*YOUR ASSIGNMENT*: Your answer should hold exactly the lines below from the line with "домик для куры: Продаю" through the line with "Joel, Bich-Poo Puppy", both included, and no pictures at all.

== RECORDED DATA ==

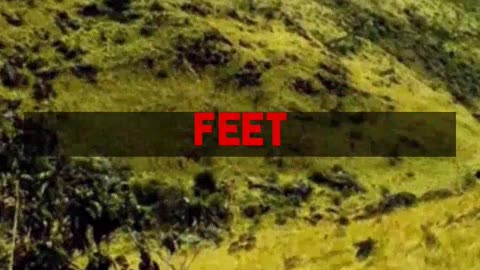 Beyond Looks Understanding Fashionable Walking Shoes for Adventures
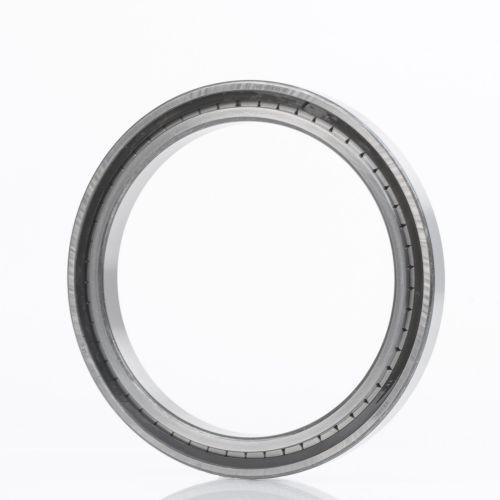 INA Zylinderrollenlager SL185020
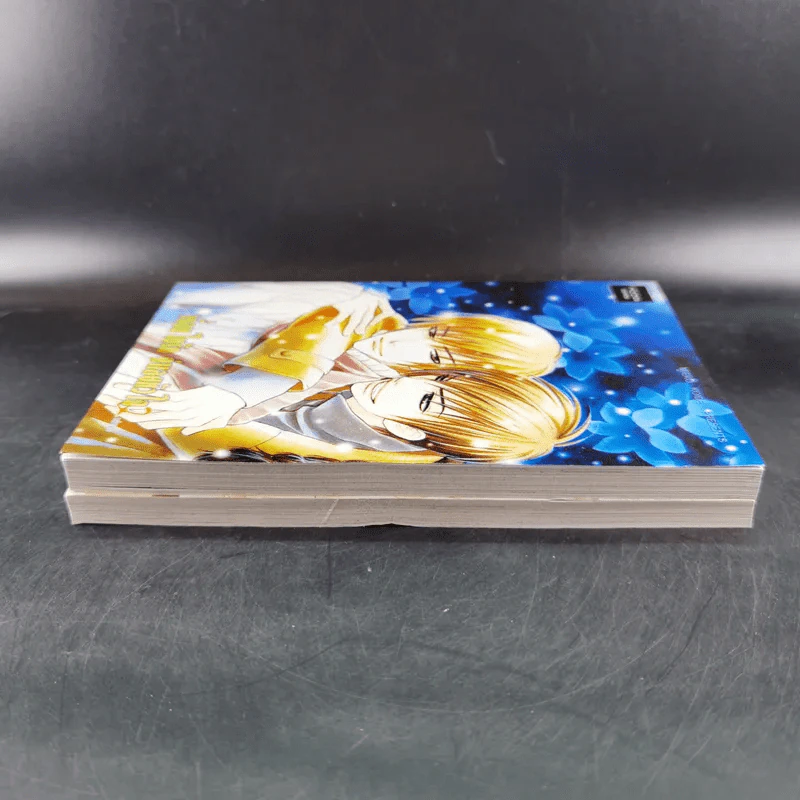 การ์ตูนวาย เงื่อนไขรัก จำเลยหัวใจ 2 เล่มจบ รูปที่ 5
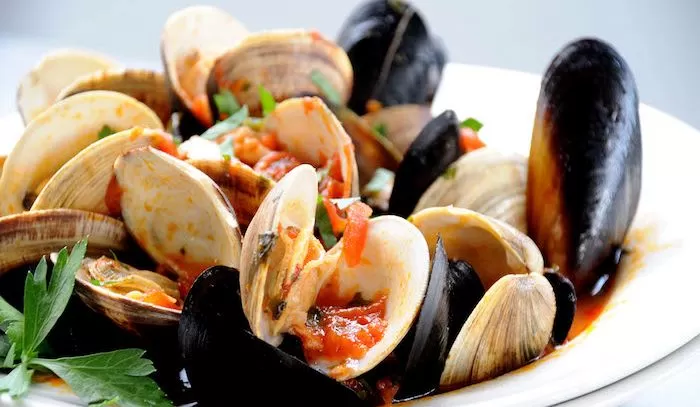 molluschi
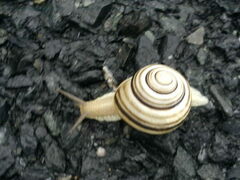 Caucasotachea vindobonensis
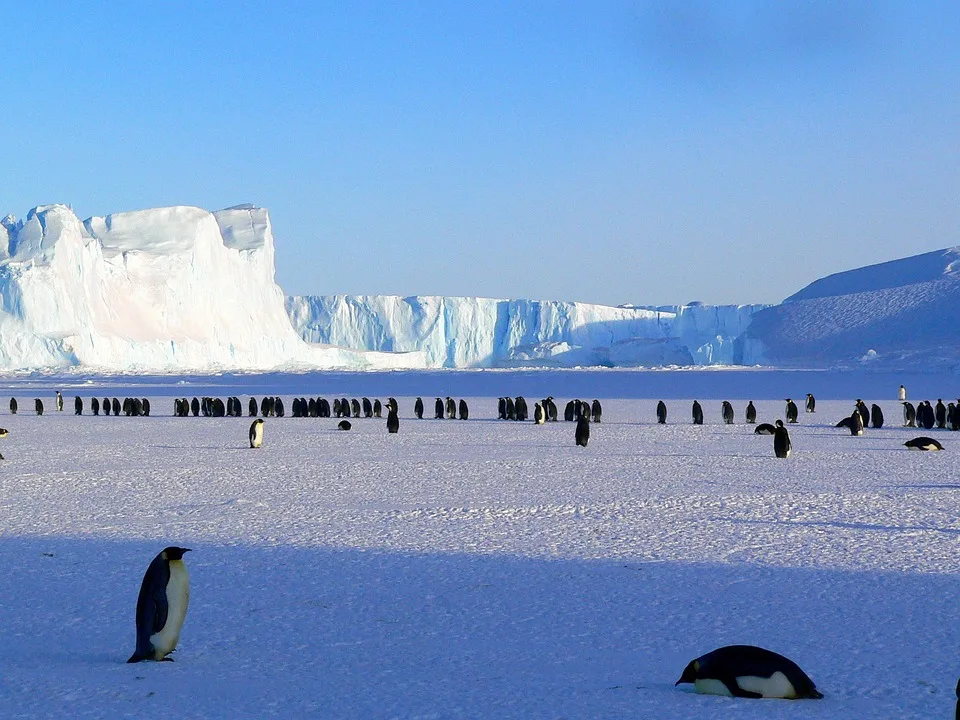 Penguins Walking Across Snow in Antarctica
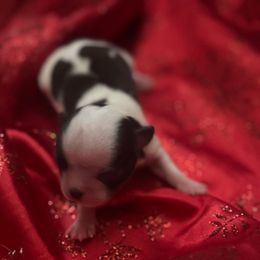 Tinsel - Black and white female Chihuahua puppy in Breese, Illinois from Casey's Chihuahuas and mini Dachshunds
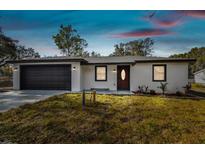 Newly constructed home with a modern facade and attached garage at 11650 County Road 579 Hwy, Thonotosassa, FL 33592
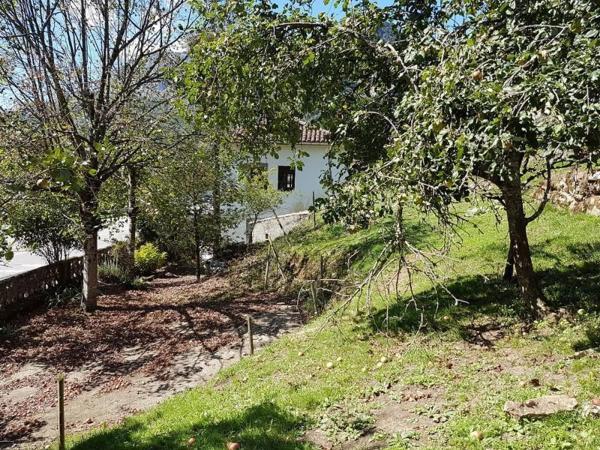 Casa independiente en Cangas de Onís - Panes
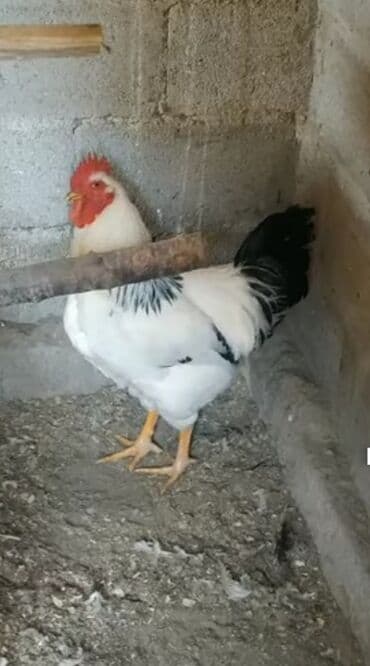 домик для куры: Продаю | Петух | Для разведения — 1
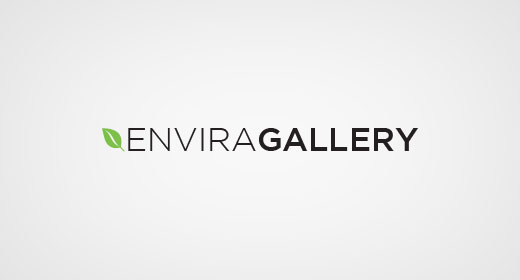 Envira畫廊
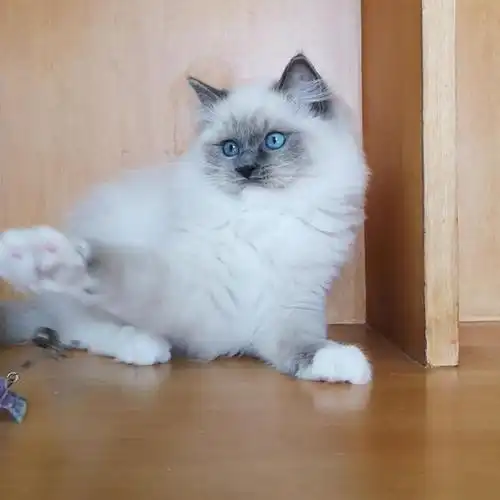 布偶猫精品蓝双蓝手套弟弟妹妹寻新家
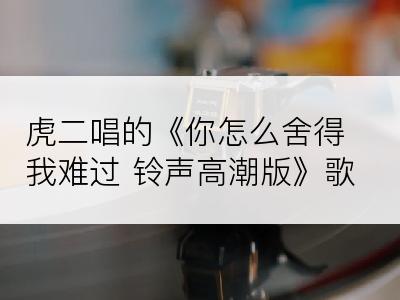 虎二唱的《你怎么舍得我难过 铃声高潮版》歌词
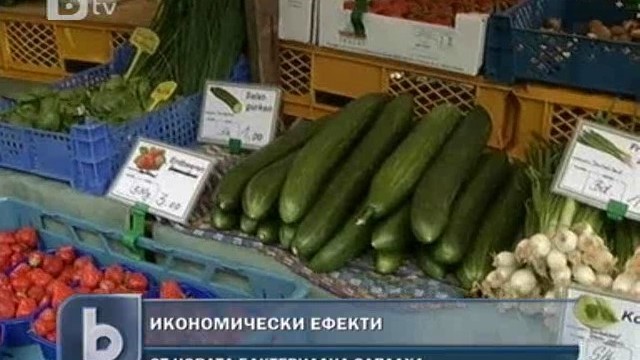 Снимка: Испания губи по 200 млн. евро на седмица заради заразените краставици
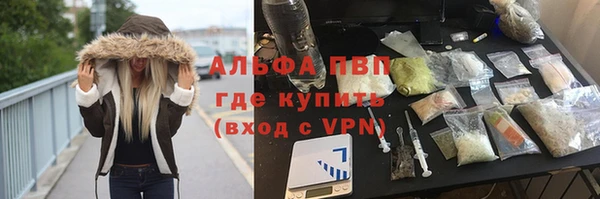 индика Верхний Тагил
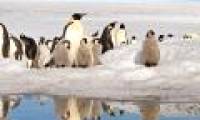 Emperor penguins can disappear forever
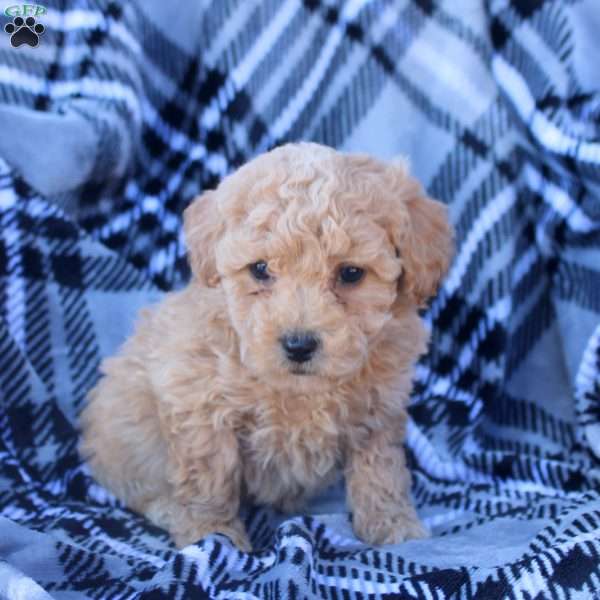 Joel, Bich-Poo Puppy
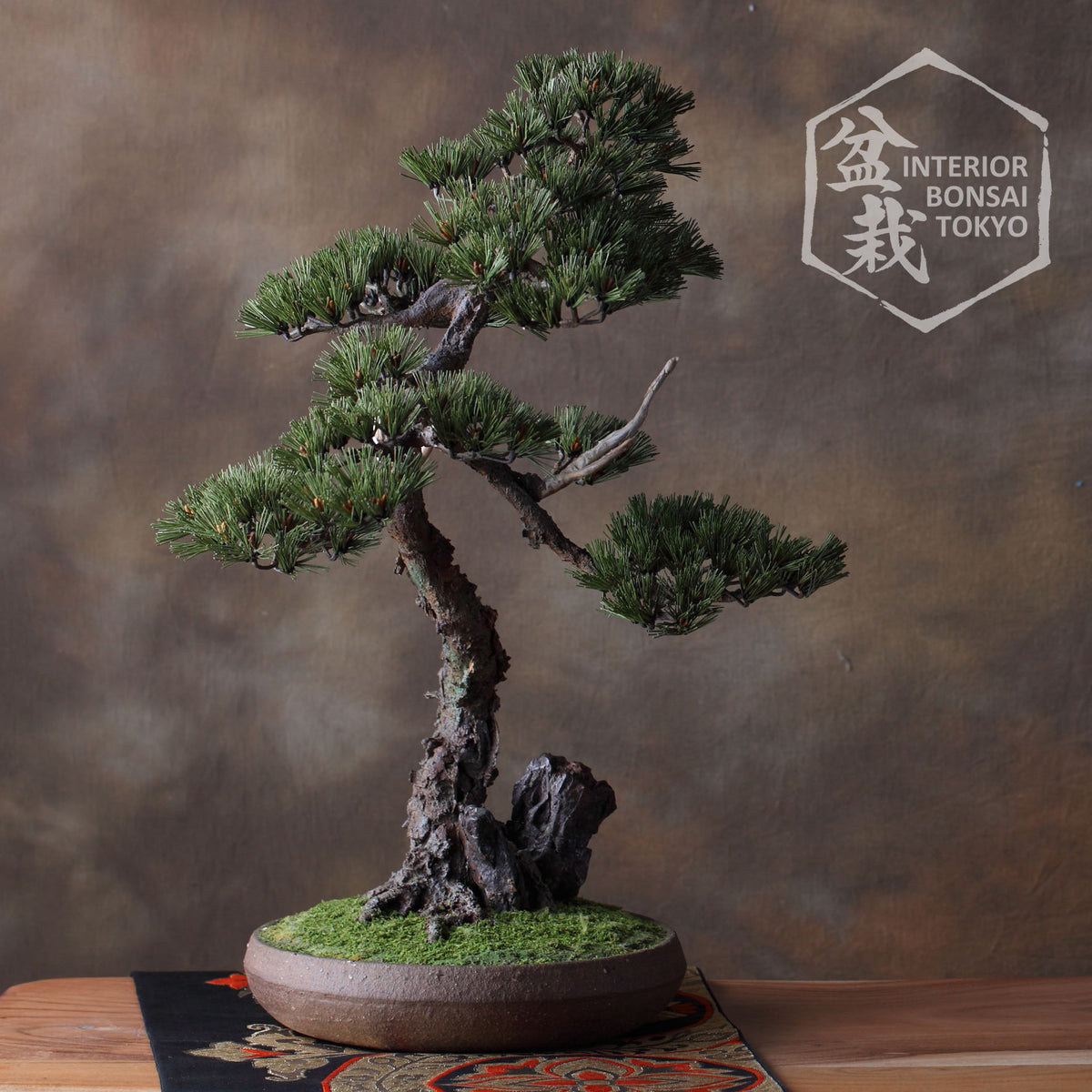 Artificial Bonsai】Tametomo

===

*COMPLETED TASK*:
 домик для куры: Продаю | Петух | Для разведения — 1
 Envira畫廊
 布偶猫精品蓝双蓝手套弟弟妹妹寻新家
 虎二唱的《你怎么舍得我难过 铃声高潮版》歌词
 Снимка: Испания губи по 200 млн. евро на седмица заради заразените краставици
 индика Верхний Тагил
 Emperor penguins can disappear forever
 Joel, Bich-Poo Puppy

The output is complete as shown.